O Fernando Rocha Andrade. A minha despedida
O Fernando não era apenas um (bom) técnico. Tinha um sentido e um gosto apurado da política. Sei como senti a sua falta quando, inesperadamente, ele teve de abandonar o Governo.
Um dos maiores privilégios da nossa vida é trabalhar com pessoas inteligentes. Quando, além disso, são cultas, partilham o seu saber com prazer e generosidade, sem arrogância, sabendo que isso não os torna superiores ao coletivo a que pertencem, quando usam o humor com sagacidade, quando são “boa gente”, como é costume dizer-se, então fica-nos a sensação de estar perante espécies humanas raras e muito valiosas.
O Fernando era uma delas. Ele era um jurista de mão cheia e um especialista em Direito Fiscal. Mas não era essa a sua qualidade que eu mais apreciava. O que eu mais gostava nele era ser um criador de soluções, que desenhava primorosamente e executava ainda melhor.
Recordo quando pensámos eliminar o cartão de eleitor nos primórdios do cartão de cidadão nos idos de 2006. À volta tremiam os serviços da administração eleitoral, ameaçando que seria o caos. Mas o Fernando, que conhecia o sistema muito bem, sempre me assegurou a viabilidade da proposta e, no limite do que estava ao seu alcance, procurou transmitir a confiança a quem cabia a decisão. Infelizmente, só eu acreditei.
Quando finalmente, em 2017, mais de 10 anos depois, resolveram adotar a solução que ele tinha sugerido, a qual obviamente foi posta em prática sem causar qualquer problema relevante, ainda nos conseguimos rir os dois, mesmo que seja daqueles momentos que têm pouca piada.
Enquanto secretário de Estado dos Assuntos Fiscais, a partir de 2015, não ajudou apenas nas soluções orçamentais, mas também com medidas de simplificação entre as quais a do IRS automático, sem dúvida e para sempre uma das medidas mais emblemáticas do Simplex.
Por essa altura coincidimos na reunião de secretários de Estado, a que eu presidia e onde ele, com muita frequência, representava Ministério das Finanças e também a “Escola de Coimbra”, como costumávamos dizer em modo de brincadeira, quando se debatiam interpretações díspares ou mais complexas de um qualquer diploma.
O Fernando não era apenas um (bom) técnico. Tinha um sentido e um gosto apurado da política e a sua ajuda foi por isso preciosa. Sei como senti a sua falta quando, inesperadamente, ele teve de abandonar o Governo.

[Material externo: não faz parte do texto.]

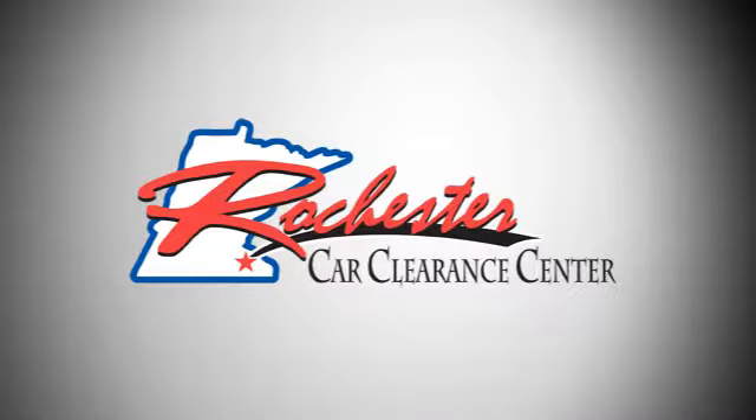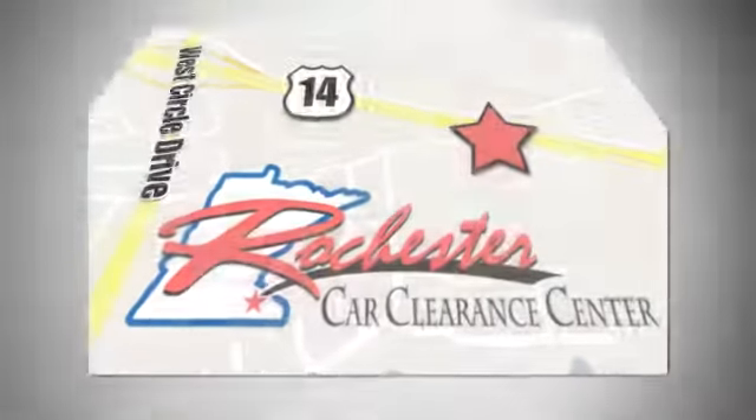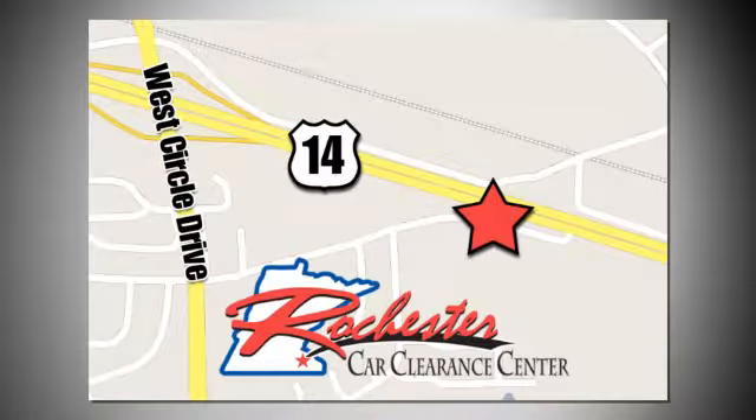At Rochester Car Clearance Center you get our best price bottom line. We are conveniently located on highway 14 West near West Circle Drive.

Podem dizer-me que essa saída era inevitável. Mas eu nunca esquecerei o contexto em que isso aconteceu. Pairava a loucura futebolística e o entusiasmo coletivo com a nossa Seleção que jogava em França. Sempre perguntei a mim própria se teria recusado esse convite, caso eu fosse uma adepta fervorosa de futebol e me tivesse surgido a oportunidade de apanhar boleia no avião da Federação, a única maneira de poder ver o jogo e estar a trabalhar em Portugal no dia seguinte de manhã.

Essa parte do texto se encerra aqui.